When I greeted him at the door, I momentarily noticed that he was an attractive man. Maybe not conventionally handsome in the way that most girls would find appealing, but pretty damn close to my ideal type. Perfect smile, gorgeous skin, nice arms. I noted the checklist off in my head, but I was still far too flustered to appreciate him fully. His attractiveness was just a passing observation; an absent-minded thought while I was busy worrying about being all over the place this morning. I did not feel like my usual put-together self.
We exchanged the necessary pleasantries; the polite yet stilted small-talk as I led him to the shower. We chatted very little really; brief spurts of mundaneness lightly veiling the heavy sexual subtext beneath. This was a guy I knew next to nothing about… Which makes what happened next all the more unbelievable.
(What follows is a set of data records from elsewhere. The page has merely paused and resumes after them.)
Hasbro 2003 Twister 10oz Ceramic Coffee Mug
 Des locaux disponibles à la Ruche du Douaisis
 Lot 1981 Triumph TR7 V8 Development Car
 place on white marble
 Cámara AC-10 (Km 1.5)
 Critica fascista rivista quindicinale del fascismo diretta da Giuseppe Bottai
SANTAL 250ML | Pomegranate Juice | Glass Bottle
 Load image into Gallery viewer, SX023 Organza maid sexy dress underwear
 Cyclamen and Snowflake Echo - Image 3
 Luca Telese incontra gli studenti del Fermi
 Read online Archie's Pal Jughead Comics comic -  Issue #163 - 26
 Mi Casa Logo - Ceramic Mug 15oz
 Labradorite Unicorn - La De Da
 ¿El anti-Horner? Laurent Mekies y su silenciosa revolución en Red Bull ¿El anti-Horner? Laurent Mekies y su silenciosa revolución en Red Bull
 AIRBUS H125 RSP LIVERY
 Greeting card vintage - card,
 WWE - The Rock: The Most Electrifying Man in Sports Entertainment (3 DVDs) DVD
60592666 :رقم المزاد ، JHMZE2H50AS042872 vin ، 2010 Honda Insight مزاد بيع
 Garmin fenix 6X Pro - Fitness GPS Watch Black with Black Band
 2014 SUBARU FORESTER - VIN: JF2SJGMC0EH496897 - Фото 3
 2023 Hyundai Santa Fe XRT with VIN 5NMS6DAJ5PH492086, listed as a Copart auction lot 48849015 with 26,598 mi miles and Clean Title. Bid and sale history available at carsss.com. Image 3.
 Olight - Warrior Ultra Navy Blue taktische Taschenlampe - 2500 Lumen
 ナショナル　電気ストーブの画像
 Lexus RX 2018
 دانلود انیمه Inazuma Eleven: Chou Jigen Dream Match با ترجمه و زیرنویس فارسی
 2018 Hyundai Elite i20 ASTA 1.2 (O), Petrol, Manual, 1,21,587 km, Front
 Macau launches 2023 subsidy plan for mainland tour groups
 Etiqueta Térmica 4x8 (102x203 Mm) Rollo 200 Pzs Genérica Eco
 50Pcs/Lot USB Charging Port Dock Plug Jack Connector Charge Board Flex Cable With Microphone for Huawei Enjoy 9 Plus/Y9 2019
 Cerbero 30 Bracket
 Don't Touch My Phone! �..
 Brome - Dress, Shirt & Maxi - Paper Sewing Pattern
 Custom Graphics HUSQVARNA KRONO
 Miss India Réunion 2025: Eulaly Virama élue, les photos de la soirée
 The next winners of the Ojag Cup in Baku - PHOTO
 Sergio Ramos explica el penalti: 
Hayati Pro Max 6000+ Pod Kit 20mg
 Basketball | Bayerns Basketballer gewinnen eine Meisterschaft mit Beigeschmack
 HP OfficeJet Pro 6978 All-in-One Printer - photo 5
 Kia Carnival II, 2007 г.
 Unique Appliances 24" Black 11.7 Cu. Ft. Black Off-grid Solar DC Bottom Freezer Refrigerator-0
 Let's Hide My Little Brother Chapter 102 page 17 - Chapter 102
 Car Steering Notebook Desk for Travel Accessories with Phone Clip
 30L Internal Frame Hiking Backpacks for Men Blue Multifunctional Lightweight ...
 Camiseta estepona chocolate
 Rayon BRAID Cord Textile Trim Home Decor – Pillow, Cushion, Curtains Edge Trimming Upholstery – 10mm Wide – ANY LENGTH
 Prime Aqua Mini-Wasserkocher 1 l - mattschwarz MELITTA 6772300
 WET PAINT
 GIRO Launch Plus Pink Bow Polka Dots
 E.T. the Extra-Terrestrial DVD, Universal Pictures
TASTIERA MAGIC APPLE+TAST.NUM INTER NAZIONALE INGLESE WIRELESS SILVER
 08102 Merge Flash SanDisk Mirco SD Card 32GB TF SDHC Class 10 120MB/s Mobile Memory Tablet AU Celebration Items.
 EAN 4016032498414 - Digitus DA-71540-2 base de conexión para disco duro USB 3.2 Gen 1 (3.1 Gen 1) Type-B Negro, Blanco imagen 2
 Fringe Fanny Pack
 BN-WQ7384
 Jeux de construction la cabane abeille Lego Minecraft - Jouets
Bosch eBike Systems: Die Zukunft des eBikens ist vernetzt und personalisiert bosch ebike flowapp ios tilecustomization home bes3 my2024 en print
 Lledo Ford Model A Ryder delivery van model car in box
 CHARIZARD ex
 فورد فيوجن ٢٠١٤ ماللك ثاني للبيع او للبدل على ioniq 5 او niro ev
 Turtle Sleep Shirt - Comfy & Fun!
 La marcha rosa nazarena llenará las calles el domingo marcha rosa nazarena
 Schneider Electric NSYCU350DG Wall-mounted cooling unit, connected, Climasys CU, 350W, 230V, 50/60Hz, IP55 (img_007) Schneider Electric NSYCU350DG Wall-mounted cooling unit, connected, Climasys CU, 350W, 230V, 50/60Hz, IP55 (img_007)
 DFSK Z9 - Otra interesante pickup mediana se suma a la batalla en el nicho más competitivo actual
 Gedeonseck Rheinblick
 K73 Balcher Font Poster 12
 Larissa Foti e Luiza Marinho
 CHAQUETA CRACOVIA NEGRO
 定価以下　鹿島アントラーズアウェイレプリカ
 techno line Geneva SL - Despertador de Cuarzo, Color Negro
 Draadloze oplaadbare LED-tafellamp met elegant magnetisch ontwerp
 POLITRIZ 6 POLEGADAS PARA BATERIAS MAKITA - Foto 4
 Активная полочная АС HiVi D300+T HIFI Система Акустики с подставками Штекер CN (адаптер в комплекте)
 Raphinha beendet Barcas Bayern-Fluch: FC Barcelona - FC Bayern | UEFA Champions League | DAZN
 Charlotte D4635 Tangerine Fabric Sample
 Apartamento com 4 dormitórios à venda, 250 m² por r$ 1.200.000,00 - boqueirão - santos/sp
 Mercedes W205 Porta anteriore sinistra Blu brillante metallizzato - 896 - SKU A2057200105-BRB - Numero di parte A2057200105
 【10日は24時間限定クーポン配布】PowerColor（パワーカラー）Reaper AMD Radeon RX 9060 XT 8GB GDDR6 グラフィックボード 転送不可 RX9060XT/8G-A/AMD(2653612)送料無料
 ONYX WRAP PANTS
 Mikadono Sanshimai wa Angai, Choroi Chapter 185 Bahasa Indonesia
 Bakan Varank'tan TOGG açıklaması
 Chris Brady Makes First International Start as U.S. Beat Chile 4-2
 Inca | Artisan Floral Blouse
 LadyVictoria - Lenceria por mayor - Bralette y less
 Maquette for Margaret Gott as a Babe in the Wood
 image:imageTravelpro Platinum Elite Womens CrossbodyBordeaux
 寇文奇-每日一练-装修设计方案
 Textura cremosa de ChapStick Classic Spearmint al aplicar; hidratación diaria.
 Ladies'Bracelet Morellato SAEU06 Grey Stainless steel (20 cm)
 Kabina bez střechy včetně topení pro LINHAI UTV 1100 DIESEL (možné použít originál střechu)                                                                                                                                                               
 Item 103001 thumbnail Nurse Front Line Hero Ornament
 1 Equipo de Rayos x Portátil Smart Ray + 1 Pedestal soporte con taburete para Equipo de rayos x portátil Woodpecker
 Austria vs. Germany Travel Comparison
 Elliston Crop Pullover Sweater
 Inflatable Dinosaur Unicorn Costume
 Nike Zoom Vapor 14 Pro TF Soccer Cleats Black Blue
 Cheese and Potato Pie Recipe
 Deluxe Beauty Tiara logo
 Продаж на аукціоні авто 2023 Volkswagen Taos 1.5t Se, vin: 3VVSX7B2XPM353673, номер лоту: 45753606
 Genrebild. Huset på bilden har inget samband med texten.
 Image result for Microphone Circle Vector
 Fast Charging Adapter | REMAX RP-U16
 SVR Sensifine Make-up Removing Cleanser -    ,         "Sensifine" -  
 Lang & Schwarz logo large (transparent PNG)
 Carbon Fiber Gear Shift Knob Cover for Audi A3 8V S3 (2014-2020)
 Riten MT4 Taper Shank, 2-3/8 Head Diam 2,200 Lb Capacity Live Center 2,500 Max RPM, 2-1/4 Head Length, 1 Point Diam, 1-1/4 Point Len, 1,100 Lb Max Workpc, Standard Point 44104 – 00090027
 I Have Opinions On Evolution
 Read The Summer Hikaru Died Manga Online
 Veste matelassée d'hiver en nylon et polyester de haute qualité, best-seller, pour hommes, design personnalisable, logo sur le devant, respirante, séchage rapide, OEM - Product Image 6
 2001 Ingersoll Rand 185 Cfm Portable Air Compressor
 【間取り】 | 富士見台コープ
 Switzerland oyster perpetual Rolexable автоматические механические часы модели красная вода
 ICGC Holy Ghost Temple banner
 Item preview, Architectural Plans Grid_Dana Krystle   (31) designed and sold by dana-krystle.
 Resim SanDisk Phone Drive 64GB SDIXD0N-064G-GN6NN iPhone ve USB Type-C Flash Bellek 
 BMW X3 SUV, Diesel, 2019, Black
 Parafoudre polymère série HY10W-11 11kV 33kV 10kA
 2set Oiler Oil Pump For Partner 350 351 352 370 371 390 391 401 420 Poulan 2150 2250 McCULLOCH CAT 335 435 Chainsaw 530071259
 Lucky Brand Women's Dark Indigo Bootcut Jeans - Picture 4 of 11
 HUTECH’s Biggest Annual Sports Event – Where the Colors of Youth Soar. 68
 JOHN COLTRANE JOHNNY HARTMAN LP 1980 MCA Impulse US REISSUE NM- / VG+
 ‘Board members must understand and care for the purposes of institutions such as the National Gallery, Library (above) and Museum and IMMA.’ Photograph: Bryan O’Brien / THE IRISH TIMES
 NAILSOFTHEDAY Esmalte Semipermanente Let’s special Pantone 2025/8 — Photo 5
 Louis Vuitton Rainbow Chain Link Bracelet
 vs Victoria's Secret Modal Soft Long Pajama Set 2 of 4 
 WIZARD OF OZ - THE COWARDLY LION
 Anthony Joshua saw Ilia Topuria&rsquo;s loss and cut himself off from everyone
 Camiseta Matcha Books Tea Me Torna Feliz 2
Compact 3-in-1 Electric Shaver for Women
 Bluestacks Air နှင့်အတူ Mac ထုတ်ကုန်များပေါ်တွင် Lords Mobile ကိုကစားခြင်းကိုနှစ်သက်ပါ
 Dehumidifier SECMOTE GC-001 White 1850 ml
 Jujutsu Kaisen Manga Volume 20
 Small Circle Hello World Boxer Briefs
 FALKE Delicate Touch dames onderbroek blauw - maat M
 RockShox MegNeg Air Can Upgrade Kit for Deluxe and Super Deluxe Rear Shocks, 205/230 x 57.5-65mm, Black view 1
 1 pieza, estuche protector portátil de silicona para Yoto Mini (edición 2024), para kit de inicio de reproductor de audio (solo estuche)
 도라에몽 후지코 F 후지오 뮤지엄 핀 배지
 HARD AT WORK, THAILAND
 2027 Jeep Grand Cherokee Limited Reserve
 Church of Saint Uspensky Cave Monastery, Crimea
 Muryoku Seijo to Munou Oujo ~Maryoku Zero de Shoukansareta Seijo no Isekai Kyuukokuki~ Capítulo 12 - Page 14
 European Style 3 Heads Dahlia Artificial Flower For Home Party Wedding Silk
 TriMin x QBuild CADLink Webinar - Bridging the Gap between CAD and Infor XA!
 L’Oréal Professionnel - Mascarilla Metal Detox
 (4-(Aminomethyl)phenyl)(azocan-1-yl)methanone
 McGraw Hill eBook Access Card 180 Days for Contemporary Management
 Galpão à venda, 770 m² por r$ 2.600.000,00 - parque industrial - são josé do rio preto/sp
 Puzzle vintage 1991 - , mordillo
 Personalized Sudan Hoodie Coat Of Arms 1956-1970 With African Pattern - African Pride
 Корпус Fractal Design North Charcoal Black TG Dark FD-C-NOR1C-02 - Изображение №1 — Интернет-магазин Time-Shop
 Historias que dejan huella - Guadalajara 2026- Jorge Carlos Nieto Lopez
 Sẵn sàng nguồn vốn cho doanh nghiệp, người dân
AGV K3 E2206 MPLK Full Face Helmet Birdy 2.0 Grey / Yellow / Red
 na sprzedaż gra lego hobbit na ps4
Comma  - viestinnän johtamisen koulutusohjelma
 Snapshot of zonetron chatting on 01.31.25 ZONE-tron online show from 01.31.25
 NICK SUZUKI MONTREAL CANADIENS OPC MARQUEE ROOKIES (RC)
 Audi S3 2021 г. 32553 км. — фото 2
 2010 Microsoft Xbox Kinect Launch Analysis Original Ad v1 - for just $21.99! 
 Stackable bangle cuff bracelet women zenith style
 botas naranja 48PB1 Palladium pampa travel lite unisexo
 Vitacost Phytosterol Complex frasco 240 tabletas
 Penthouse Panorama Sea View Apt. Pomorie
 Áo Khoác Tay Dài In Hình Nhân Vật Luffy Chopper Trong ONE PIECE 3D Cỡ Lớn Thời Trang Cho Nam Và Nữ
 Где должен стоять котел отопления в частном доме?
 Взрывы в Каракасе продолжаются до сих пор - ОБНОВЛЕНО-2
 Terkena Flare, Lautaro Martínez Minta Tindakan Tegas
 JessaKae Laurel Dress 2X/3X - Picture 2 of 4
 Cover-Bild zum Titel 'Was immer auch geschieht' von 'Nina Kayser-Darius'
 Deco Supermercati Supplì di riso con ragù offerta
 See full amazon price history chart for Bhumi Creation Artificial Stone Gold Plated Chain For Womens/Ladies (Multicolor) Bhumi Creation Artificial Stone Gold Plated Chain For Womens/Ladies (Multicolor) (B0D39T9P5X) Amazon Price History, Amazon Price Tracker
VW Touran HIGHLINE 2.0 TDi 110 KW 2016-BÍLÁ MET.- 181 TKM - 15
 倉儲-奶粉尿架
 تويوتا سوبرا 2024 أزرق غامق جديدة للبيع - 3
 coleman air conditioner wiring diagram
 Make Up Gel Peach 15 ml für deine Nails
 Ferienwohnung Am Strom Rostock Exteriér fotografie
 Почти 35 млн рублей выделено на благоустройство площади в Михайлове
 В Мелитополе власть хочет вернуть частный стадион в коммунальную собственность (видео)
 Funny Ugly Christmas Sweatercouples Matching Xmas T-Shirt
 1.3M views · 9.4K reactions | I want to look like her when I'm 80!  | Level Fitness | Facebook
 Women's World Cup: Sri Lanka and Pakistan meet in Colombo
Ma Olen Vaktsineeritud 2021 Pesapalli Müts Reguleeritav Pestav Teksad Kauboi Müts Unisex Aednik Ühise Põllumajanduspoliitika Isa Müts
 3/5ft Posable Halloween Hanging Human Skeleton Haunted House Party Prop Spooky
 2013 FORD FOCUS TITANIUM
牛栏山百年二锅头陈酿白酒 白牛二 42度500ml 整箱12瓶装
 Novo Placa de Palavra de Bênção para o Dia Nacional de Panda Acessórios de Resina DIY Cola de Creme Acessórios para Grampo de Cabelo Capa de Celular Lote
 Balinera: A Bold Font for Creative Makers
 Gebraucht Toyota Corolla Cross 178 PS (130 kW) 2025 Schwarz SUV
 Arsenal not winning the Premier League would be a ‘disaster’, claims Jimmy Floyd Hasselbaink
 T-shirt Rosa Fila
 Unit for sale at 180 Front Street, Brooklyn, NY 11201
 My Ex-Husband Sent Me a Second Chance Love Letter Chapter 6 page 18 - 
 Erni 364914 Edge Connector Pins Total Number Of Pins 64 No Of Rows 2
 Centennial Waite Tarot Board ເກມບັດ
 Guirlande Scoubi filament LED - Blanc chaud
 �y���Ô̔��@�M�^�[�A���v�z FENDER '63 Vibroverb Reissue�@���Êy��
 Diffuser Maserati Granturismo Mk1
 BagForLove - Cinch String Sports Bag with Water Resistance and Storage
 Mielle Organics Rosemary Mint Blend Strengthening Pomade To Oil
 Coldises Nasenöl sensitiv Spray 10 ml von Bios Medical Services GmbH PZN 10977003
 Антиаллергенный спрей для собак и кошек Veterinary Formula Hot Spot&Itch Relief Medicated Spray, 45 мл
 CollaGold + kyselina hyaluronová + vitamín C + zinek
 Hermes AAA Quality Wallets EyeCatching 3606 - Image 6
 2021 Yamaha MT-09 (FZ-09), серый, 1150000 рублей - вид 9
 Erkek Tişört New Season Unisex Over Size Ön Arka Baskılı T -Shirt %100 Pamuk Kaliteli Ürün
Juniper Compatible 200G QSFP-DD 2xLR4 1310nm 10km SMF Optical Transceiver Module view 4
From the handful of words he did say, I detected the faint undertones of an accent. Just enough to make me contemplate where he’d come from, what new secrets he could teach me, and what worldly mysteries he could show me. Although he hadn’t said much, he intrigued me in a way that I found myself listening intently on the off chance that he might choose to disclose something more. Don’t ask me how, but it was almost as though a part of my body sensed what this stranger might soon mean to me.
While he showered, I tried in vain to compose myself. I paced back and forth in my heels, flitting here and there to light a candle, change the song, straighten the pillows. My anxiety was palpable. I tried to take a couple of deep breaths as I perched on the edge of the bed. My hands stroked my thighs as I attempted to calm this tormenting inner restlessness. What was going on with me? Why did it feel like I was on the precipice of something monumental?... What was it about this man?
As the door to the bathroom slid open, the hot steam tumbled out into the bedroom. He emerged from the shower with a towel slung low around his hips. Something flickered in his eyes as he approached me. Curiosity? Lust? Or something more visceral? A kind of darkness maybe? It scared me, yet excited me at the same time. I stood and walked to him, suddenly becoming very aware of just how nervous I was. I could feel the heat rise in my body, burning my palms and flushing my cheeks.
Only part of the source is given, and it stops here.